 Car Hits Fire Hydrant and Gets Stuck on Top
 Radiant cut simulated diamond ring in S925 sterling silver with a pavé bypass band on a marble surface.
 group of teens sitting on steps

*****

— What this task involves —
Starting with the line that holds "Radiant cut simulated", copy every line through the end of the data above. Reproduce them exactly, with no other material.

— Exercise response —
 Radiant cut simulated diamond ring in S925 sterling silver with a pavé bypass band on a marble surface.
 group of teens sitting on steps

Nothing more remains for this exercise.